▸ Data:
====
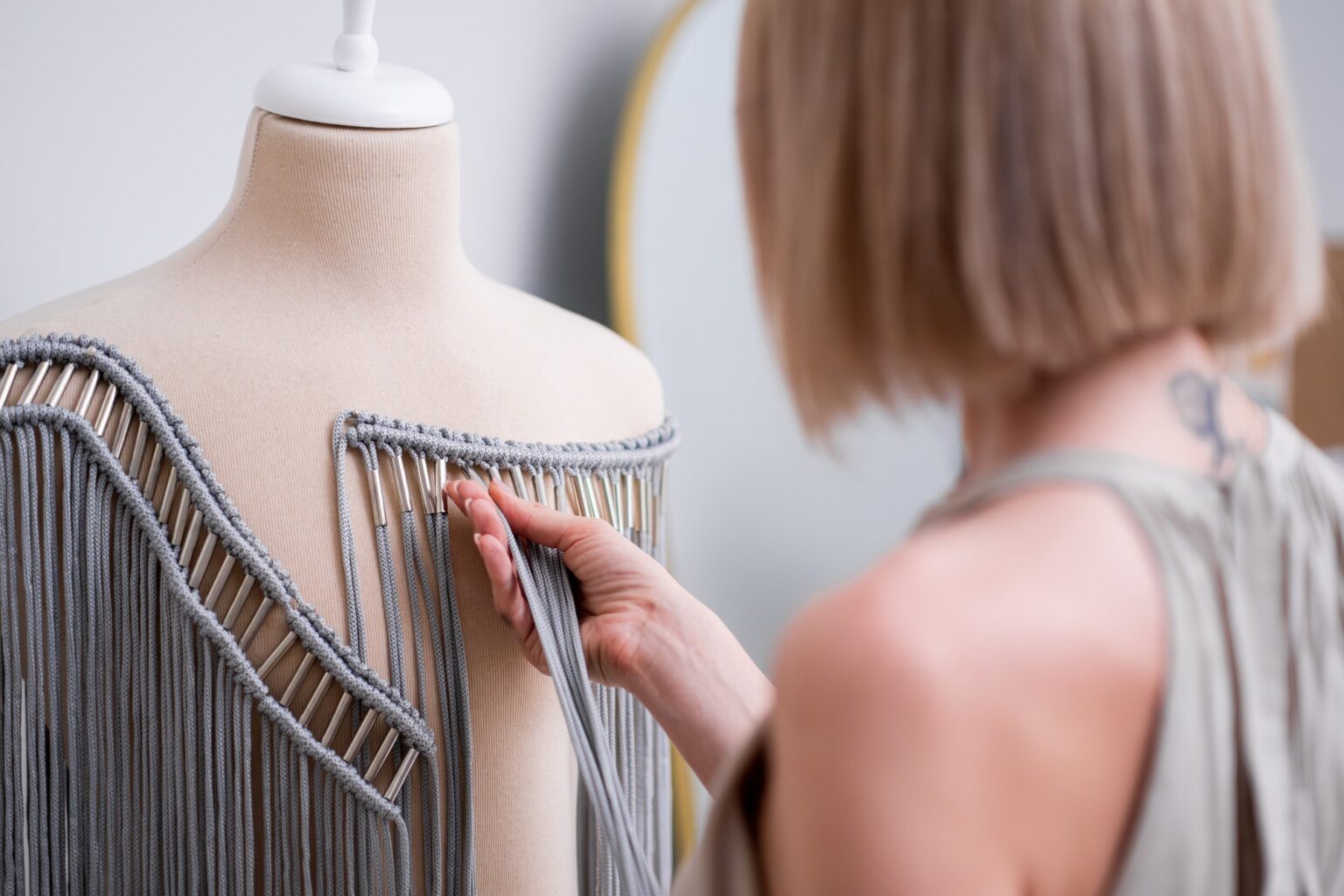 How To Care For And Maintain Luxury Fashion Items
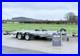Woodford_16ft_5_0m_Car_Transporter_Trailer_C4_A4_Brian_James_CT136_Ivor_Ifor_01_hnm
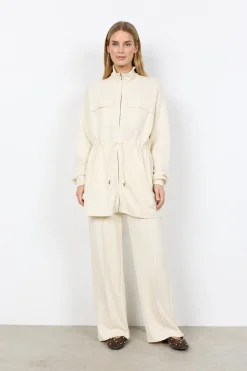SC-BANU 294 Jacka Cream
====
▸ Exercise directions:
Repeat the full listing above exactly, with no pictures in the copy.

▸ Your response:
 How To Care For And Maintain Luxury Fashion Items
Woodford_16ft_5_0m_Car_Transporter_Trailer_C4_A4_Brian_James_CT136_Ivor_Ifor_01_hnm
SC-BANU 294 Jacka Cream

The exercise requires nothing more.